European Central Bank Committee: Core inflation in the euro zone is still very challenging.

Zhitong Finance ·  Jun 13 08:30

ECB Governing Council member Nagel said that the Eurozone's potential consumer price index growth is proving to be stubborn.

Bundesbank President Joachim Nagel (Joachim Nagel) said that Eurozone potential consumer price index (CPI) growth is proving to be stubborn.

Nagle reiterated at the American International Economic Forum that he and his colleagues will not simply automatically reduce borrowing costs, but will judge the situation at the time of each meeting.

“Core inflation is indeed still very difficult,” Nagle said in Montreal, Canada on Wednesday. At the same time, he acknowledged that it was right to relax the policy last week. “We're on a bumpy road, but we all know that the last mile is the most complicated.”

On Thursday, the ECB cut deposit interest rates by 25 basis points after maintaining a record 4% interest rate for 9 consecutive months. However, when inflation expectations for 2024 and 2025 were raised at the same time, it sparked a debate about whether the reduction was reasonable and made investors question the next step in monetary policy.

“We shouldn't be too confident or too optimistic,” Nagle said. “We're not on autonomous driving,” and “the best way to deal with this is a one-on-one approach,” he added.

Earlier on Wednesday, ECB Vice President Luis de Guindos (Luis de Guindos) said that the ECB cannot make any decisions in advance this year because it faces unstable inflation and an unpredictable economic outlook. Latvian central bank governor Martins Kazaks (Martins Kazaks) said interest rates may be cut further this year, but he urged caution as inflation “sometimes makes a comeback.”

Nagle said, “In this very uncertain world, we must be very careful and not show any complacency in the task of fighting inflation.” “The work is not done yet.”

Not long ago, the Federal Reserve kept interest rates unchanged. It is expected to cut interest rates only once this year, and is expected to cut interest rates further in 2025 — strengthening the call of policymakers to keep borrowing costs high for a longer period of time.
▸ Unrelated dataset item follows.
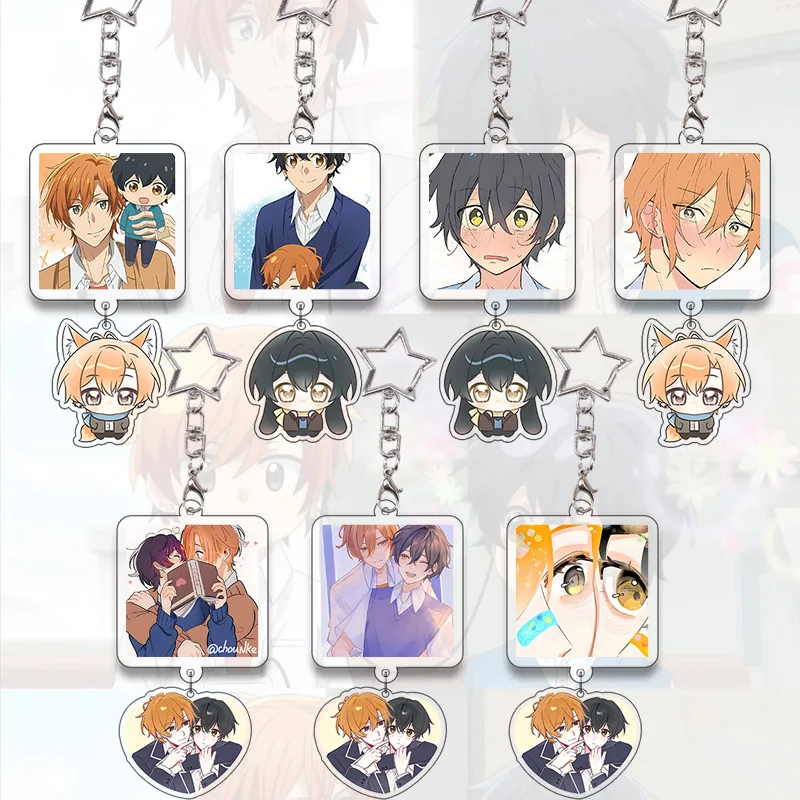 Sasaki and Miyano Acrylic Keychain Q Version Charm Anime Pendant Cp Couple Suit Bag Decor Cartoon Keyring Cosplay Props Gifts
Sasaki and Miyano Acrylic Keychain Q Version Charm Anime Pendant Cp Couple Suit Bag Decor Cartoon Keyring Cosplay Props Gifts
When asked about the impact of US policy on Eurozone policy, Nagle insisted that the ECB did “formulate monetary policy for the Eurosystem,” but did acknowledge spillover effects and indirect “feedback loops.”

“Central banks on both sides of the Atlantic must be more stubborn than inflation,” he said. “This is the similarity I saw.”

The translation is provided by third-party software.